In Hagen und Hamm richteten sich unsere Anschläge gegen die Ausländerbehörden dieser Städte. Sie sind Orte alltäglicher Schikanen, denen wir gezielte Aktionen und alltäglichen Widerstand entgegensetzen müssen.

Erkämpft das freie Aufenthaltsrecht für alle Flüchtlinge und Immigranten!

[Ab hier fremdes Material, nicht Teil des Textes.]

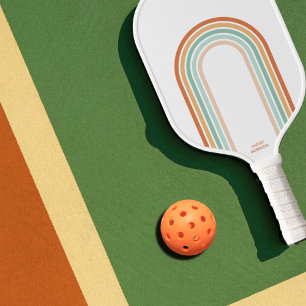 Kool Retro-kleuren Abstracte Arch Stripes Aangepas Pickleball Paddle
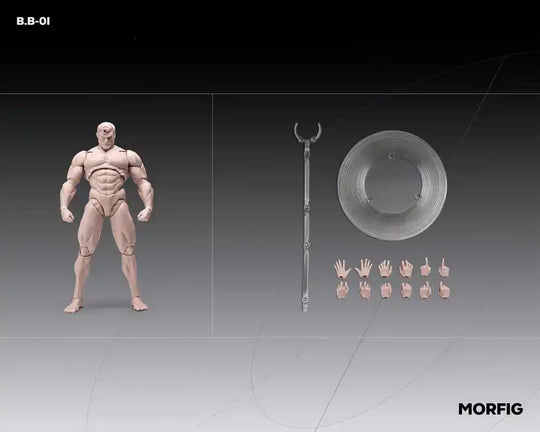 Inart Actionfigur 1/12 Blank Male Body Skintone 17 cm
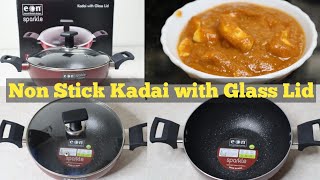 Eon Non Stick Sparkle Kadai with Lid Review  Non Stick Kadai  Kadai with Glass Lid  NikGoals [upl. by Woodsum]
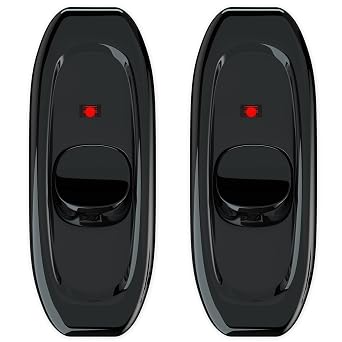 2 Pack Appliance Switch On/Off Button Table Lamp Desk Light in-line Cord Switch 250V 10A, Black
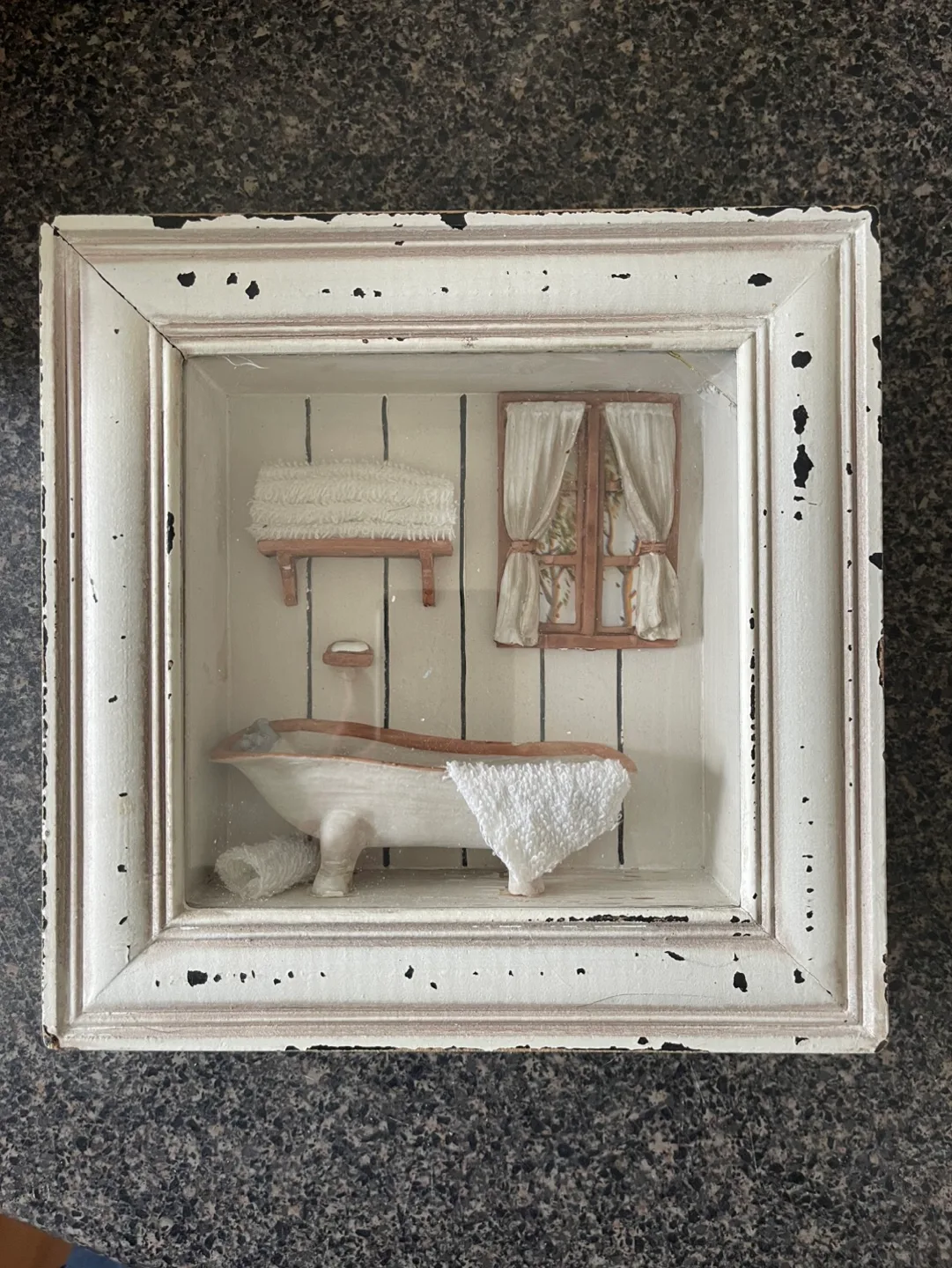 💚Rustic Bathroom Diorama Wall Decor image indicator(6)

Mit unseren Aktionen gegen die Hamburger Ausländerpolizei, das Oberverwaltungsgericht Lüneburg, das Ausländerzentralregister in Köln und das DRK in Berlin haben wir den Kampf gegen die verantwortlichen Instanzen der imperialistischen Flüchtlingspolitik in der BRD begonnen. Unsere Aktionen werden aber wirkungslos verpuffen, wenn sie nicht zur Entwicklung eines neuen Ansatzes von Antimperialismus der radikalen Linken beitragen.
Was heißt das?
Die Flüchtlingsfrage ist keine humanitäre oder juristische Frage und beschränkt sich nicht auf die Frage des »politischen Asyls«. Sie ist Teil eines globalen Klassenkampfes und Ausdruck eines vom imperialistischen Weltsystem gesetzten Widerspruchs, der ein Proletariat neuen Typs hervorbringt; die mobilisierten, vertriebenen, entwurzelten Massen der 3. Welt.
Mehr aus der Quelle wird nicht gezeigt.